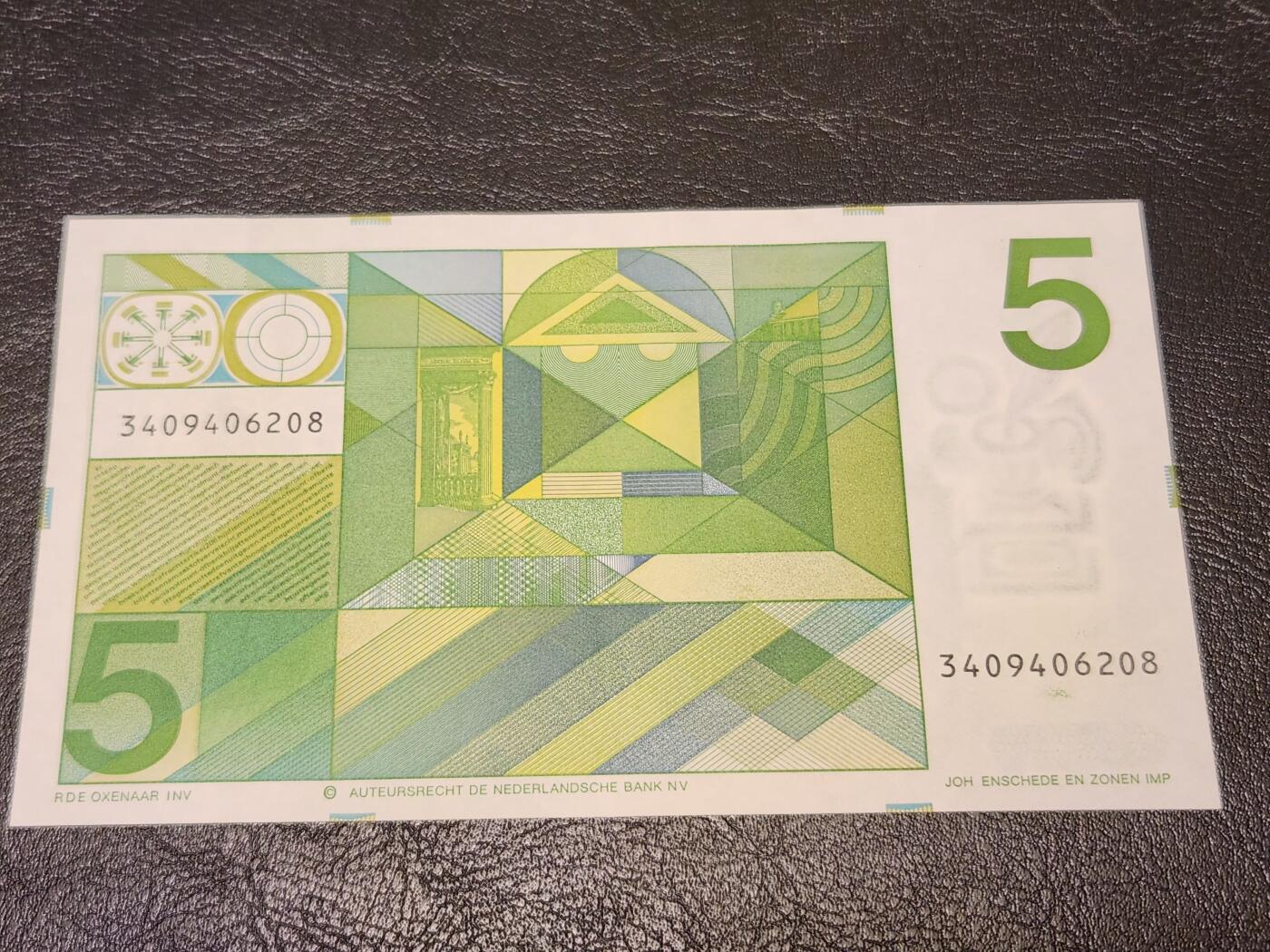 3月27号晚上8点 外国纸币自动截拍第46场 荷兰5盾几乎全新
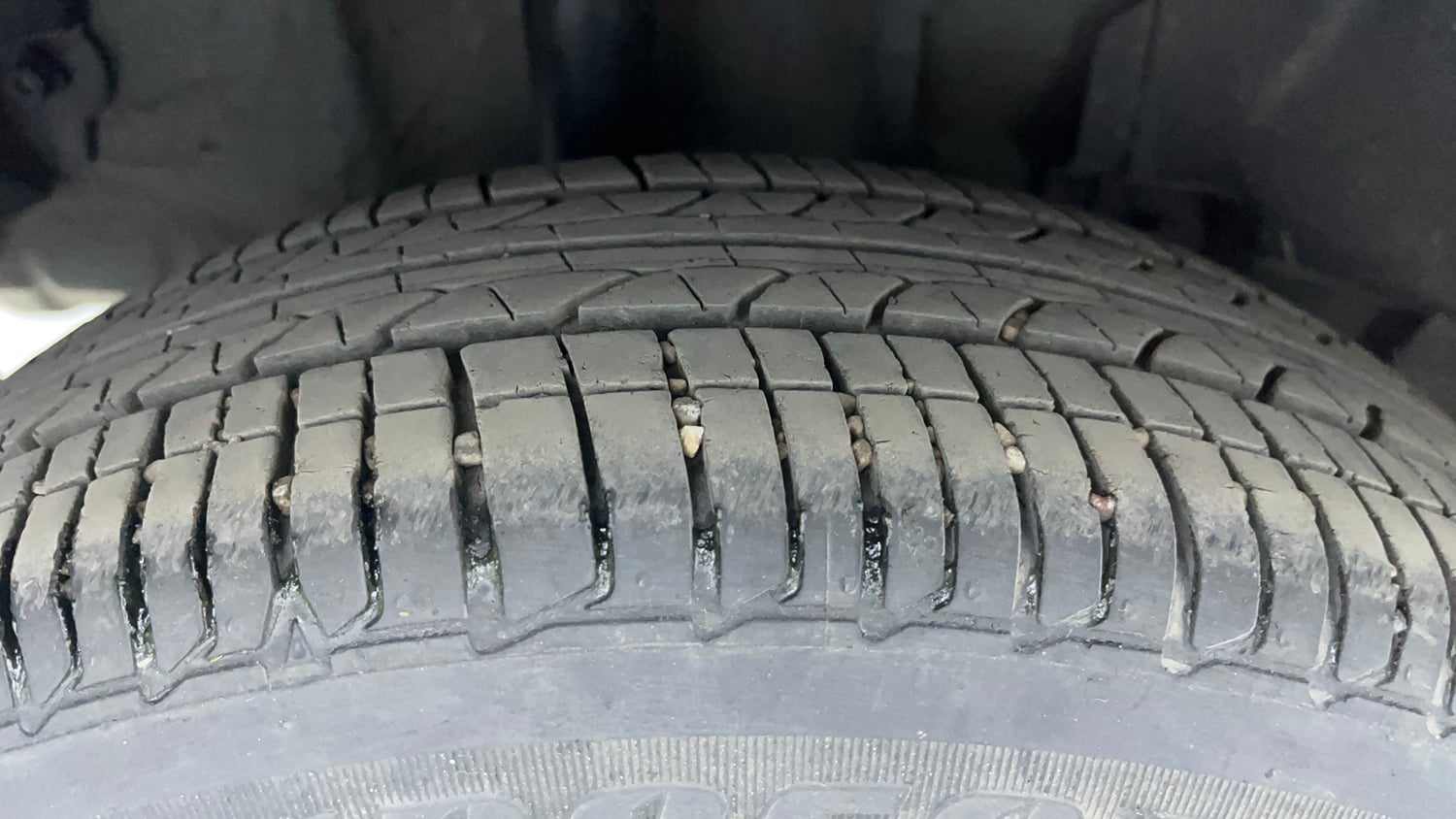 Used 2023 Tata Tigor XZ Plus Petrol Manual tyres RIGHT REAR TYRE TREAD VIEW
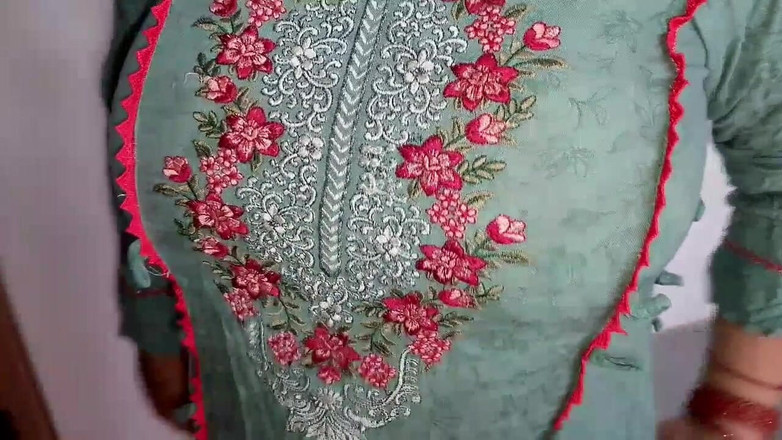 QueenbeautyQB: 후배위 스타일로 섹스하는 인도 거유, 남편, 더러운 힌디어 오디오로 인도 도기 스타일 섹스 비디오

|---|

▶ _Directions_: For this step, transcribe all the material above exactly and drop the images.

▶ _Answer space_:
 3月27号晚上8点 外国纸币自动截拍第46场 荷兰5盾几乎全新
 Used 2023 Tata Tigor XZ Plus Petrol Manual tyres RIGHT REAR TYRE TREAD VIEW
 QueenbeautyQB: 후배위 스타일로 섹스하는 인도 거유, 남편, 더러운 힌디어 오디오로 인도 도기 스타일 섹스 비디오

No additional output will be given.